### Instructions to follow
Using the records that follow, reproduce exactly the lines starting at the line containing "Regalo Para Novio" and ending at the line containing "Apartamento em Socorro — foto 7". Include both end lines and no pictures.

### Records to process
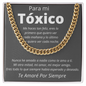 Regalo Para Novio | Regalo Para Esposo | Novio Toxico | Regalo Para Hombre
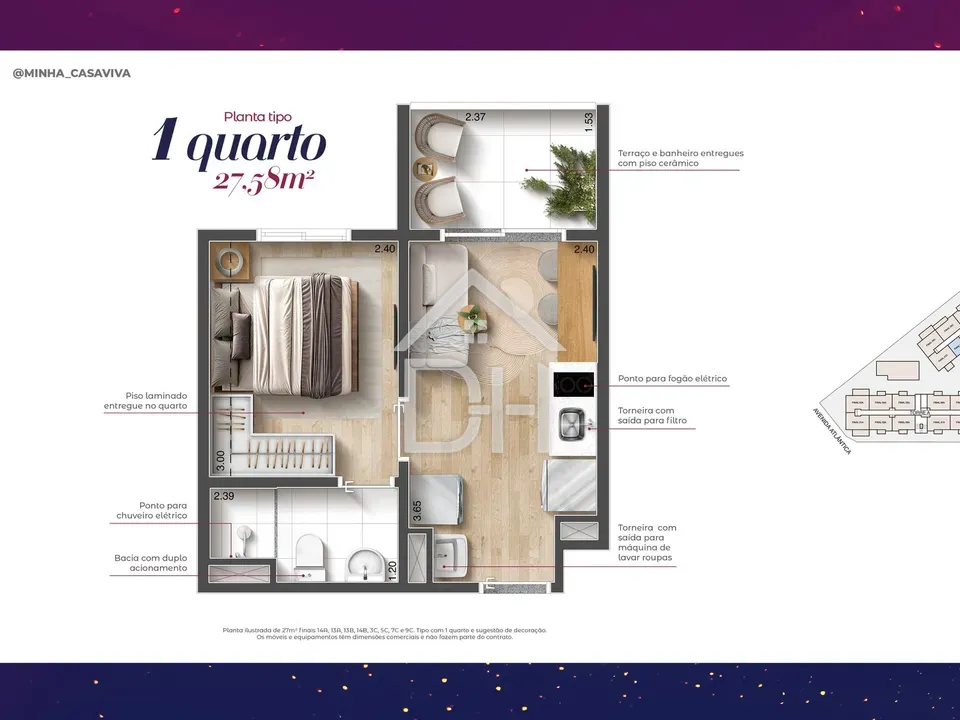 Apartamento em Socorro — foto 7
==
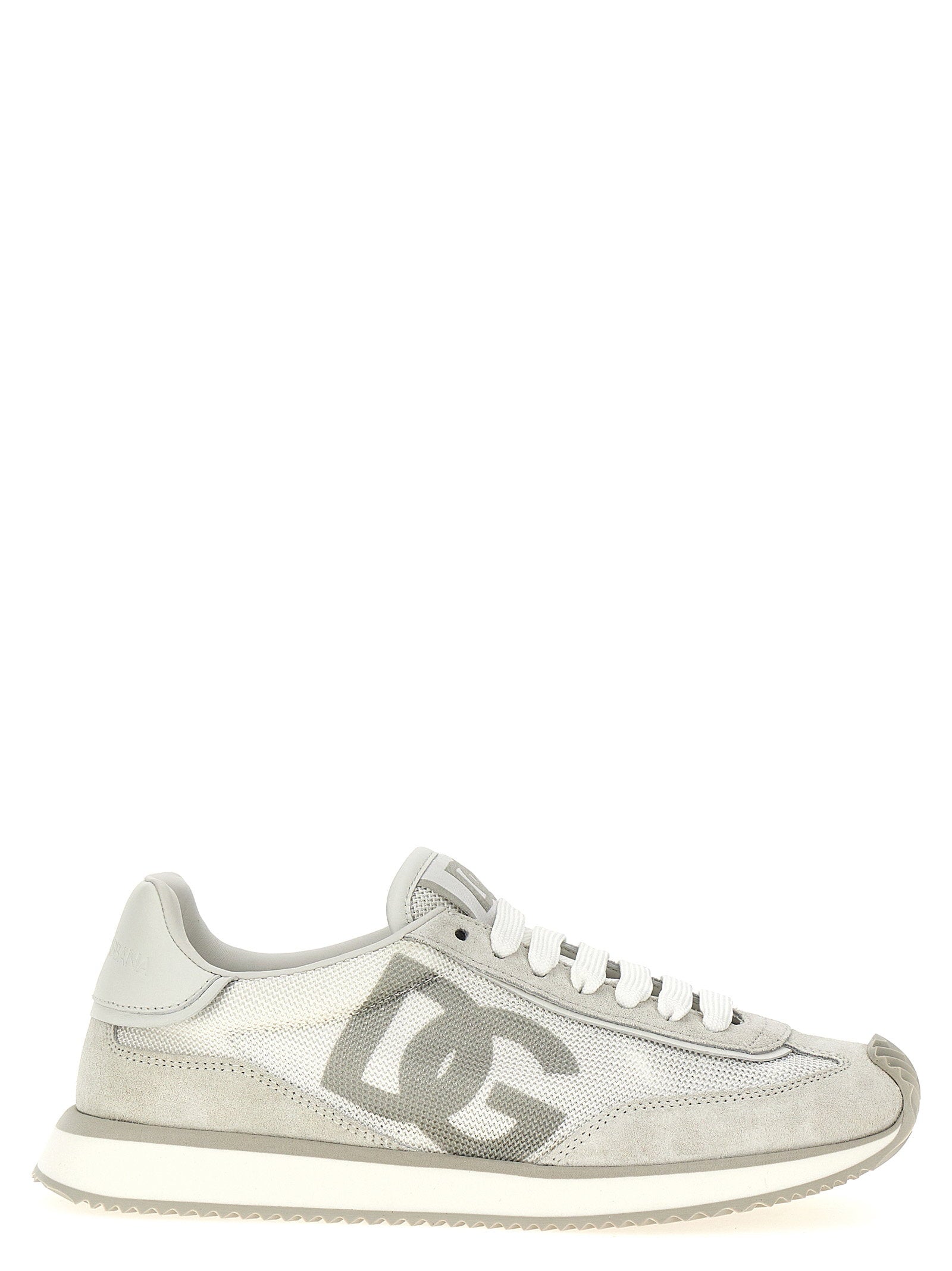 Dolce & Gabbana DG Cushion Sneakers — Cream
==
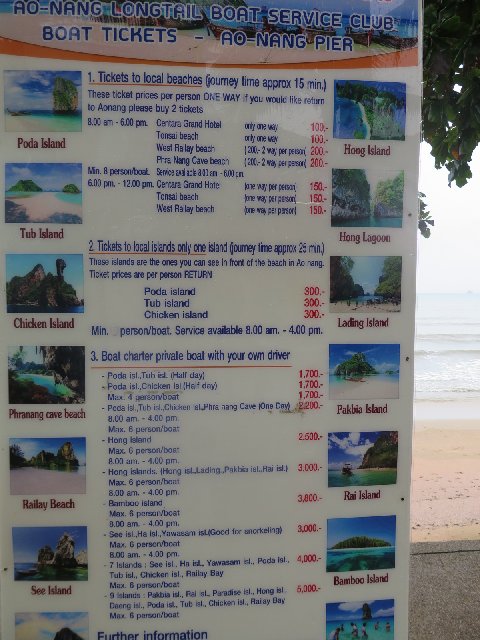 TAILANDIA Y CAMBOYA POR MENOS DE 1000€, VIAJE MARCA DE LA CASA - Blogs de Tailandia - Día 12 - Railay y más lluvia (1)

### Output for this task
 Regalo Para Novio | Regalo Para Esposo | Novio Toxico | Regalo Para Hombre
 Apartamento em Socorro — foto 7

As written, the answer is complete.